• [Task objective]: Every line below must come back exactly as it stands, with the images omitted.

• [Dataset section]:
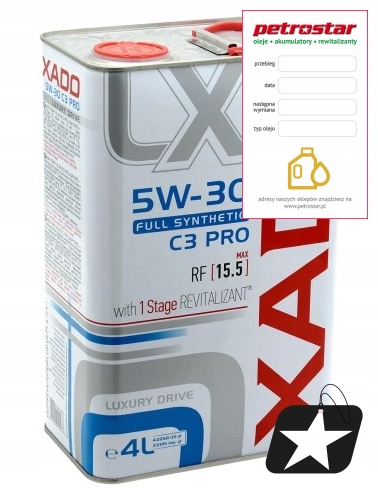 Xado Luxury Drive 5W30 C3 Pro 1STAGE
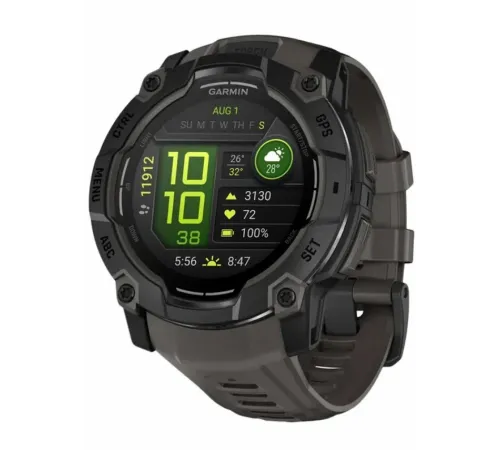 Garmin Instinct 3 – 45 mm, AMOLED Black with Black Band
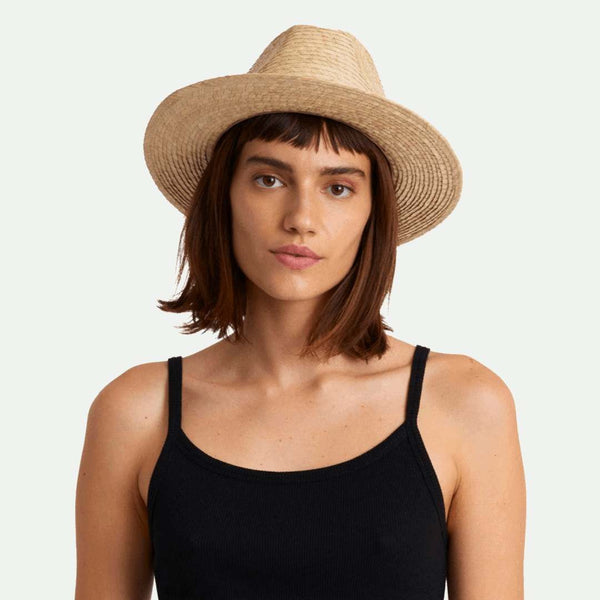 Brixton Messer Fedora Hut -Herren- -Damen- Strohhut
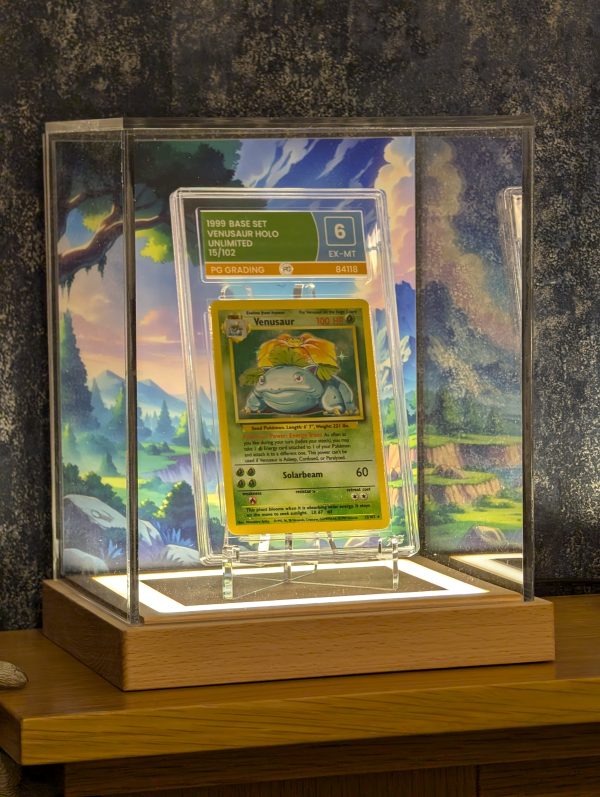 DecorFab illuminated trading card display case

• [Worked solution]:
 Xado Luxury Drive 5W30 C3 Pro 1STAGE
 Garmin Instinct 3 – 45 mm, AMOLED Black with Black Band
 Brixton Messer Fedora Hut -Herren- -Damen- Strohhut
 DecorFab illuminated trading card display case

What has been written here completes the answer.